Designing die-cast parts is a core aspect of ensuring component performance and production efficiency. During the design phase, it's crucial to fully consider mechanical properties, mold processing difficulty, cooling efficiency, and subsequent machining requirements. Die-cast part design not only affects the strength and rigidity of the parts but also influences production costs and product appearance quality.
First, structural design should fully consider mechanical properties. Stress analysis of the parts is fundamental to the design. Finite element analysis (FEA) can predict the stress distribution of the parts during actual use, optimizing wall thickness and rib layout to avoid localized stress concentration that could lead to cracking or deformation.
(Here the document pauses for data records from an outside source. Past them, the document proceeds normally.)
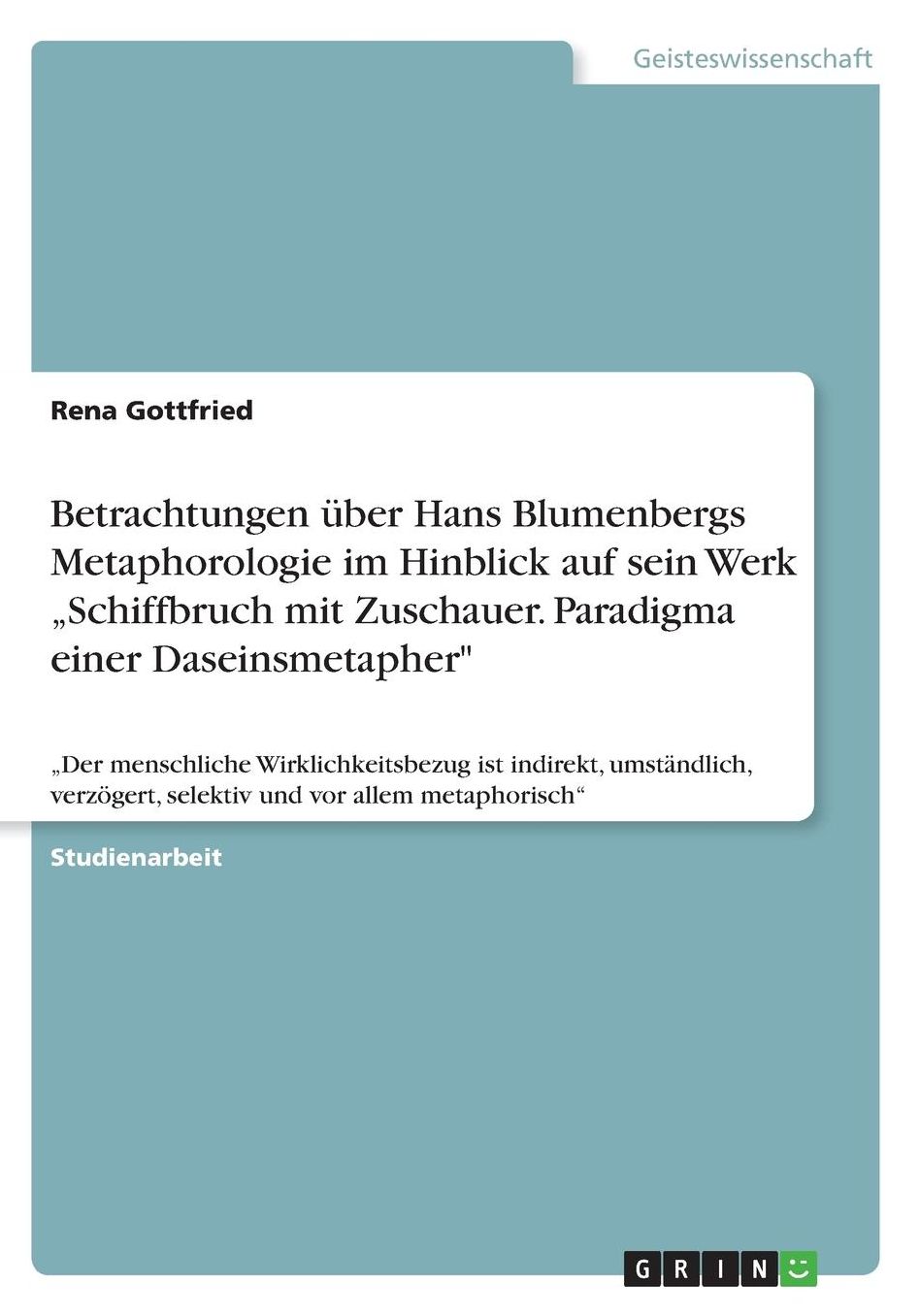 Betrachtungen ï¿½ber Hans Blumenbergs Metaphorologie im Hinblick auf sein Werk "Schiffbruch mit Zuschauer. Paradigma einer Daseinsmetapher: "Der menschliche Wirklichkeitsbezug ist indirekt, umstï¿½ndlich, verzï¿½gert, selektiv und vor allem metaphorisch
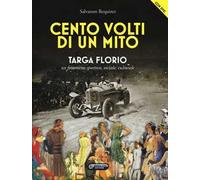 Cento volti di un mito. Targa Florio. Un fenomeno sportivo, sociale, culturale. Con DVD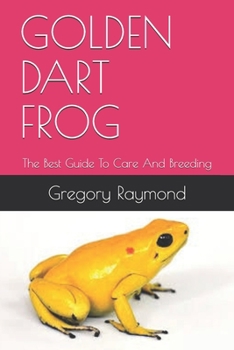 Paperback Golden Dart Frog: The Best Guide To Care And Breeding Book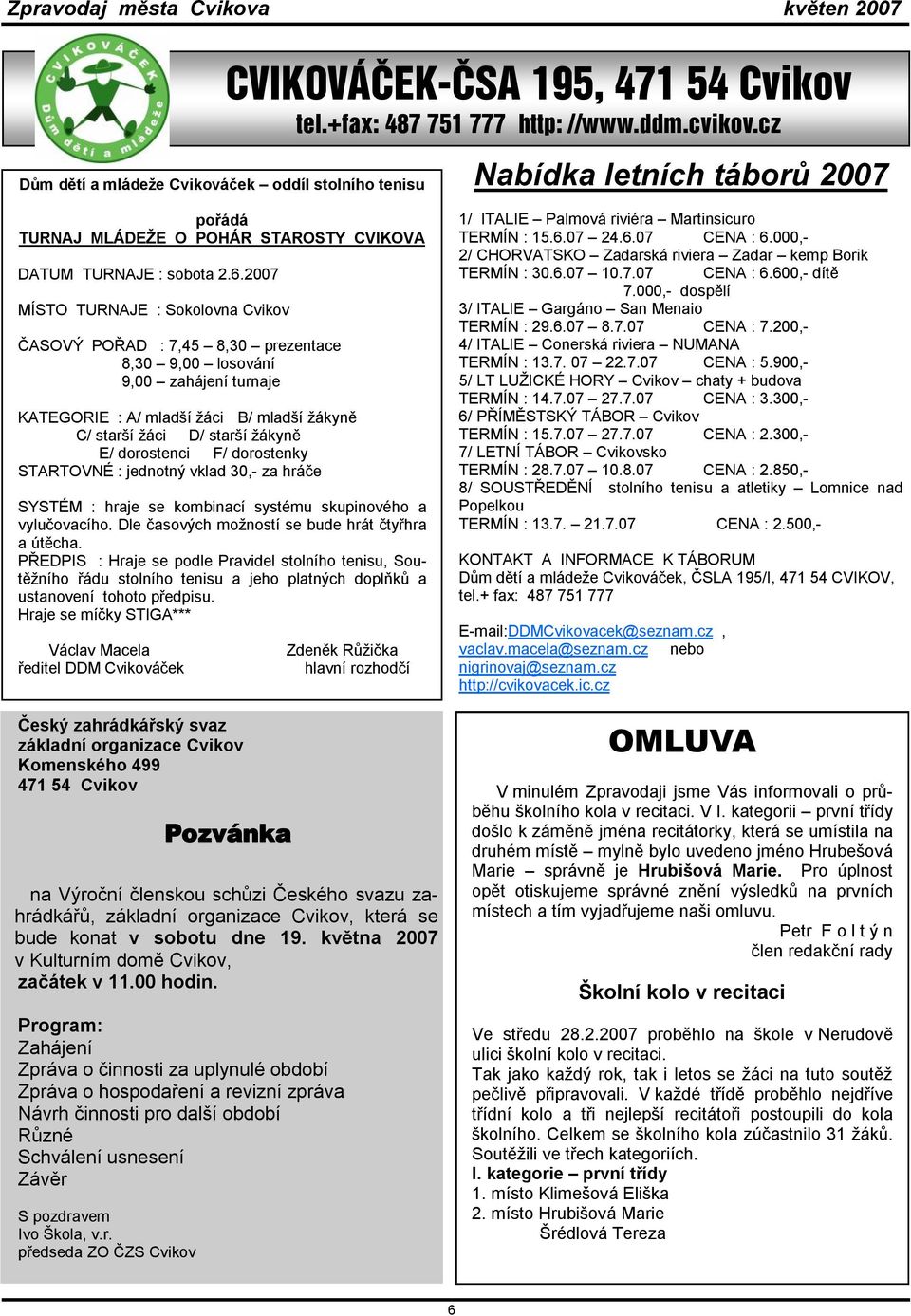 2007 MÍSTO TURNAJE : Sokolovna Cvikov ČASOVÝ POŘAD : 7,45 8,30 prezentace 8,30 9,00 losování 9,00 zahájení turnaje KATEGORIE : A/ mladší žáci B/ mladší žákyně C/ starší žáci D/ starší žákyně E/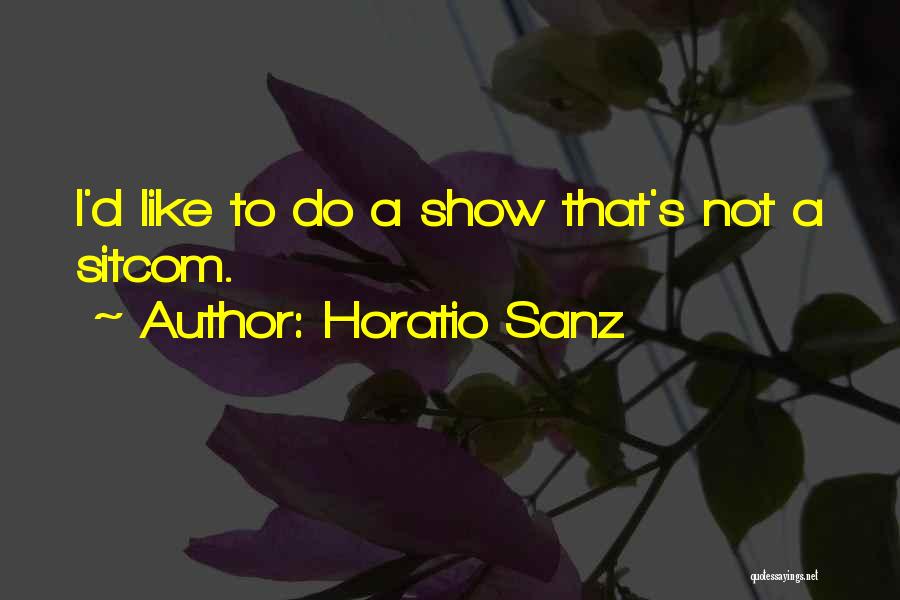 Horatio Sanz Quotes: I'd Like To Do A Show That's Not A Sitcom.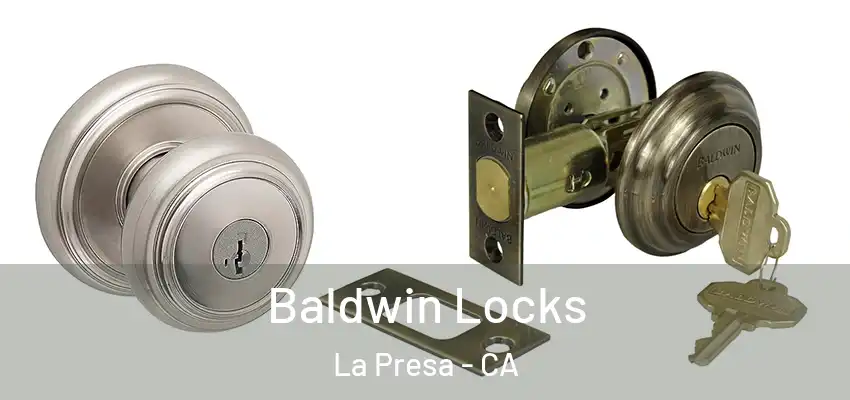  Baldwin Locks La Presa - CA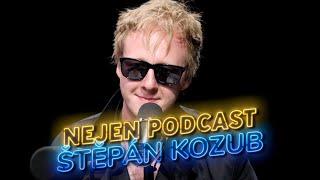 ŠTĚPÁN KOZUB: "Na základce jsem vypadal jako obrácený špendlík." |NEJEN PODCAST|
For example, the motor bracket of a washing machine needs to withstand the inertial force generated by high-speed rotation; therefore, the design should include appropriate ribs while ensuring uniform wall thickness to prevent shrinkage cavities or porosity.
Second, the wall thickness design of die-cast parts is critical. Excessively thick walls are prone to shrinkage and porosity, while excessively thin walls affect strength and rigidity. Typically, the wall thickness of aluminum alloy die-cast parts for home appliances is controlled within the range of 2–5 mm, while zinc alloy parts can be designed to be even thinner. Uniform wall thickness not only improves mold life but also reduces subsequent processing and material waste.
Mold design is an important extension of die casting design. A well-designed gating system, vents, and cooling channels ensure uniform flow and rapid cooling of the molten metal, preventing defects. Furthermore, to facilitate demolding, attention must be paid to the draft angle and fillet treatment of the parts during design, reducing wear and improving production efficiency.
Functional design is also receiving increasing attention. For example, die castings for air conditioners with heat dissipation requirements need to be designed with heat dissipation fins to improve heat exchange efficiency; handles and panels for small household appliances need to balance aesthetics and tactile feel, improving the user experience through curved surfaces and surface treatments.